Esenyurt’un tutuklu belediye başkanı Prof. Dr. ve yazar sayın Ahmet Özer’in kızı ve avukatı sayın Seraf Özer’in 31.10.2025 tarihindeki Aile Dayanışma Ağı’ndaki konuşmasında söylediklerini bir ölçüde özetleyerek de olsa okurlarımla paylaşmak istedim:
“30 Ekim 2024. Bundan tam 1 yıl önce ben, tam anlamıyla bir kâbusa ve kaosa uyandım. Ama ömrümüzden ömür çalınan bu sürede yine de her gün babama sağlıkla kavuşabildiğim için güne bin kez şükrederek uyanıyorum.

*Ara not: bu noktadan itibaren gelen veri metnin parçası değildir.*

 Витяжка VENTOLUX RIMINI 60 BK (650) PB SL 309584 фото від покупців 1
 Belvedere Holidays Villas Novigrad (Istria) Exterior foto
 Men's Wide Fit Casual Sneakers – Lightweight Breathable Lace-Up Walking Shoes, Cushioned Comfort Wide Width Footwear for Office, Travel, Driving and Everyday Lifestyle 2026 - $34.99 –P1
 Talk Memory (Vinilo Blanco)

Tam 365 gündür, tam 1 yıldır her gün, istisnasız her gün, cezaevine gidiyorum. Babam 1 senedir içeride, ben de dışarıda 1 yıldır özgür değilim, Silivri Cezaevi adeta ikinci evim oldu. Benden, 30 Ekim 2024’te önce hayatın tüm renklerini çaldılar, sonra kanatlarımı kırmak istediler. Çünkü babam haksızca tutsak edildikten sonra kanatlarına sığındığım, her koşulda yanımızda olan ve ‘Kimse benim dostuma terörist diyemez’ diye yeri göğü inleten benim kıymetli başkanım Ekrem İmamoğlu’nu da 19 Mart’ta aldılar. Ama biz en başından beri yanımızda olan Özgürlerle, özgürlük mücadelesi vermeye devam ediyoruz. Kırılan kanadım ise gerisinde, büyük bir dayanışma içerisinde olduğum canım, yol arkadaşım, tanıdığım en güçlü kadınlardan biri olan Sn. Dilek İmamoğlu’nu bıraktı. Şimdi birlikte siyaset üstü bir mücadele veriyoruz, canlarımız için. (...)

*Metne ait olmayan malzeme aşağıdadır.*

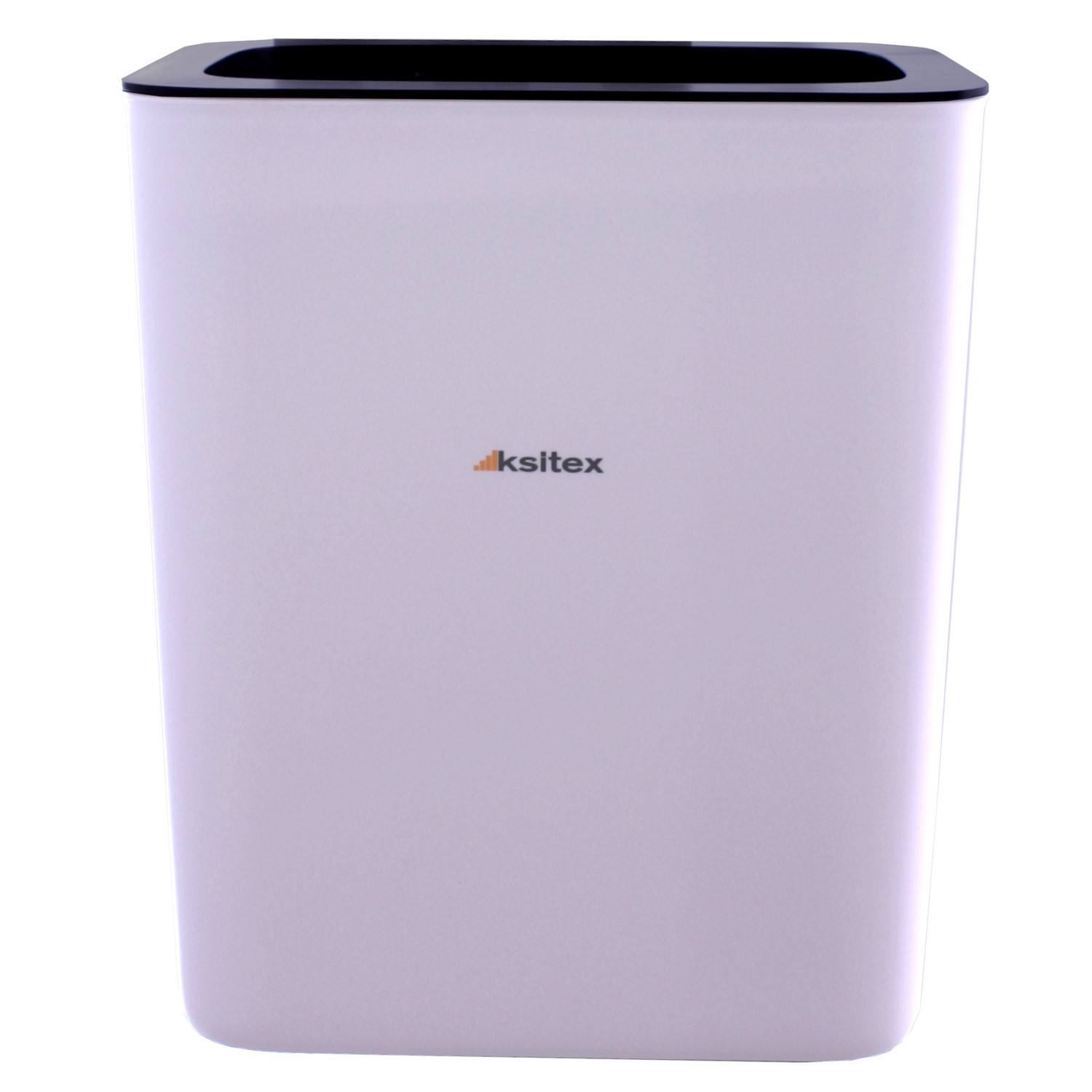 Урна для мусора 26л. подвесная белая Ksitex GBW-26W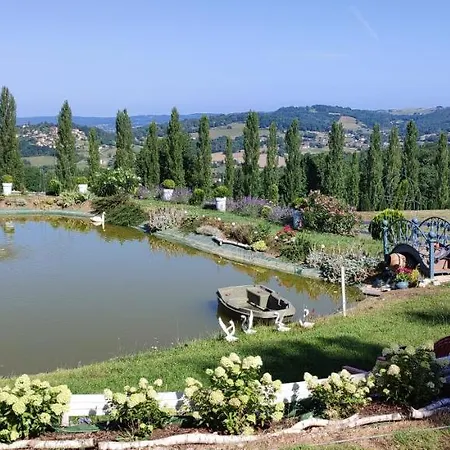 Bed and breakfast Domaine Le Lanis D'hôtes Avec Sur Réservation
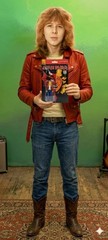 CLIVE BURR ACTION FIGURE 3.75″ LIMITED EDITION CORBE BRAZIL PRE ORDER read descr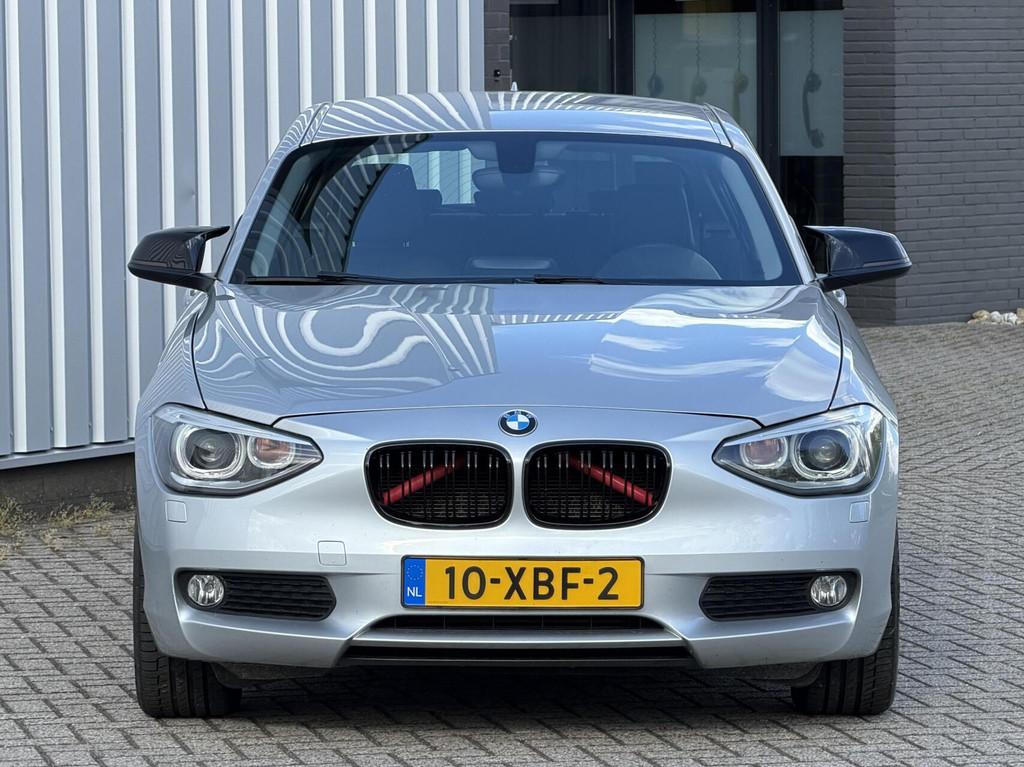 BMW 1-serie 116i Business 17 inch inruil mogelijk, 1-Serie, Euro 5, Gebruikt, 4 cilinders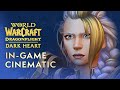 Dark Heart In-Game Cinematic | Dragonflight | World of Warcraft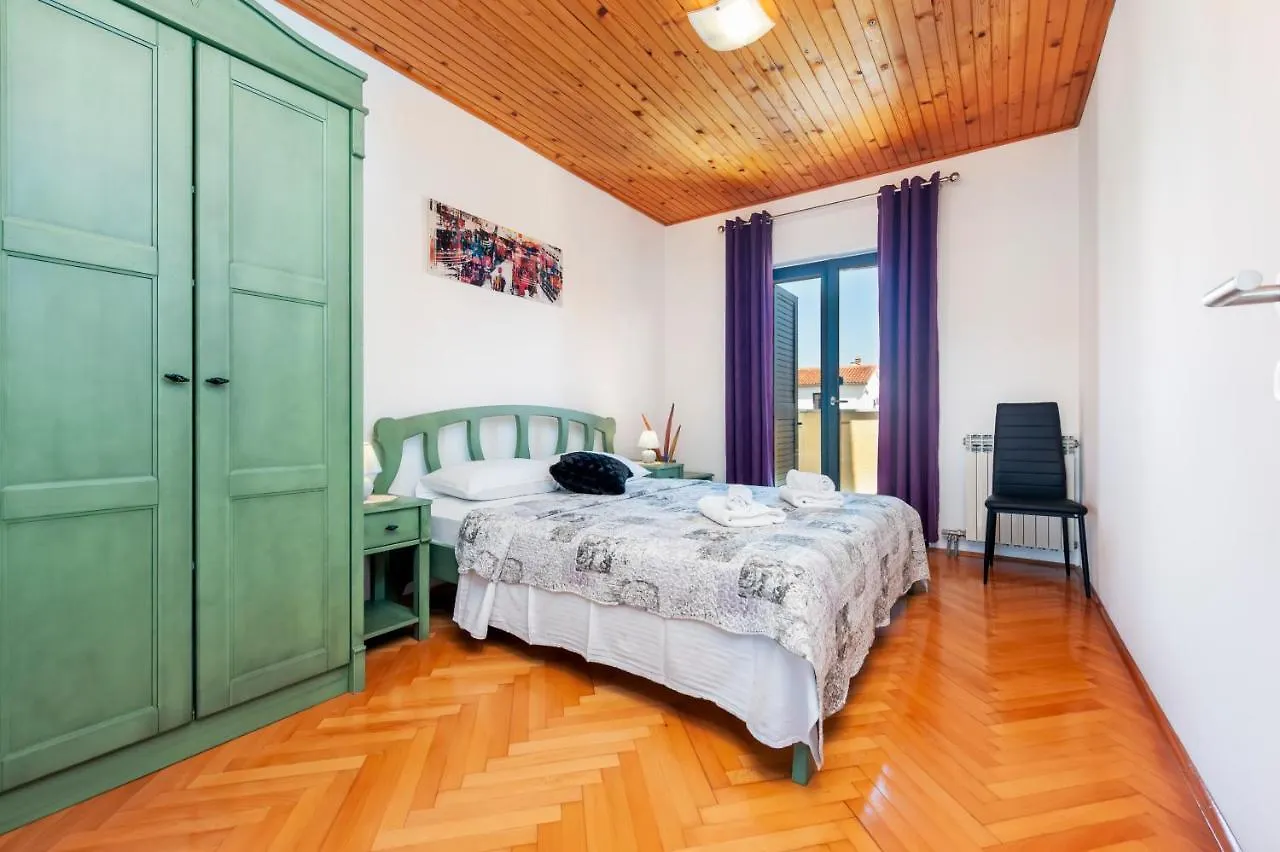 Guest House Casa Santin Rovinj Croatia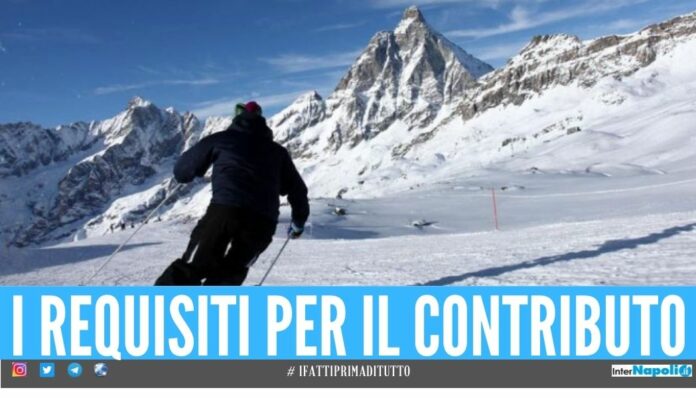 Vacanze in 'bianco' a Natale e Capodanno, c'è ancora il bonus da 500 euro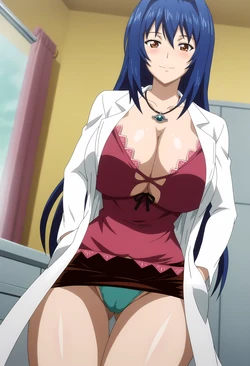Aki nijou (maken-ki) [Yu Arisato] [AI Generated]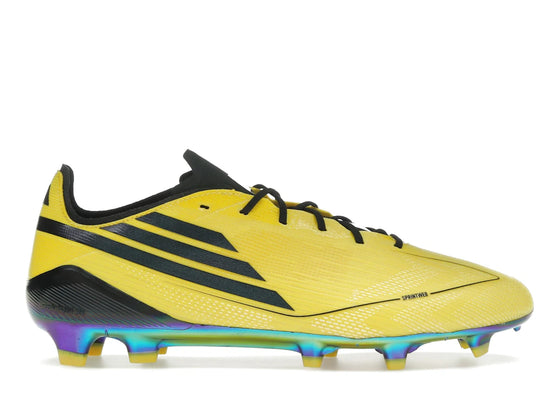 adidas F50 Elite 2010 FG Remake Pack Yellow Black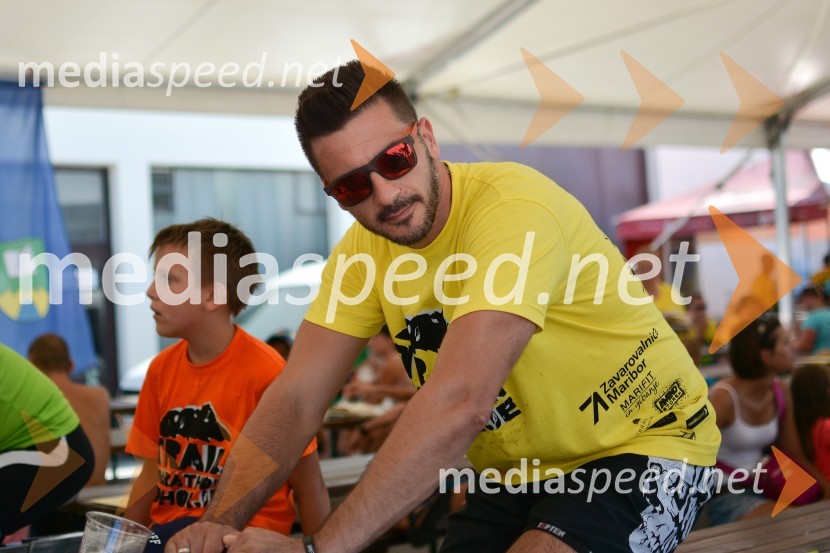 Trail maraton Pohorje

Hayatta en çok sevdiğim, hayat mentörüm, yaşam kaynağım ve masumiyetine yüzde yüz kefil olduğum, ne ki haksız ve hukuksuzca bir siyasi kumpasla 12 metrekare bir hücrede tutsak edilen (!) babam için mücadele ediyorum.
Çok öfkeliyim. Babamın bir şafak vakti sanki bir canlı bomba alırmışçasına onlarca polisle gözaltına alınmasına, babamın annemin uyandırmasına izin verilmemesine ve ‘Çocuklarıma bir şey mi oldu’ diye terler akıtarak yataktan fırlamış olmasına,
Aylarca tehdit mesajları almama vesile olanlara,
40 yıldır memleketimize kattıklarının onda birini yapmamış olanların bu süreci manipüle etmeye çalışmasına, kiminin de korkaklığına, Gözbebeğimiz, babamın ilk torunu, benim biricik yeğenim Sohrap’ın Silivri 9 Nolu Cezaevi’ni babamın çalışma ofisi olduğunu zannetmesine,
Haksız tutsaklığından sonra ilk göz ağrımız Sohrap’ın ‘Dede senin burada işin bitti, hadi eve gel, seni çok özledik’ dedikten sonra hepimizin yüreğine hançerlenen bu sözlere gözyaşları ile sessiz kalmamıza,
Benim geçmişten gelen reflekslerle üzüldüğüm veya mutlu olduğum her anda telefonu elime alıp seni arama girişiminde bulunmama, sonra senin 12 metrekare bir hücrede olduğunla yüzleştiğimde kalbimde hissettiğim sızıya,
Halkın sana olan büyük sevgisi ve ilgisi karşısında sorulan sorulara hukuk zemininde cevap veremeyişime
Çok öfkeliyim. (...) Ama bu dönemde konuşmamız gereken en önemli şey; zulme sessiz kalanın sadece hakkını değil şerefini de kaybedeceğidir. Dışarıdaki özgürlük için, demokrasi için bedel ödeyenlerin uğradığı haksızlığa sessiz kalmak, ileride yaşayacağınız kuvvetle muhtemel haksızlığın yolunu açmaktır. İşte bu yüzden bu siyasi davalar, tünel bakışlı davalardır. Sessiz kalmayın. Bugünkü sessizliğiniz yarınınızın çığlığı olacak, bunu bilin. Bilinmelidir ki hukuk sadece kâğıda yazılan bir buyruk değildir. İnsan olmanın gereği vicdanının sesidir. Hukuk insanlığın ortak vicdanının dile gelmiş halidir. Herkese eşit işleyen, adalet dağıtan, yargılananlar arasında ayrım gözetmeyen hukuka ihtiyaç var bugün (...)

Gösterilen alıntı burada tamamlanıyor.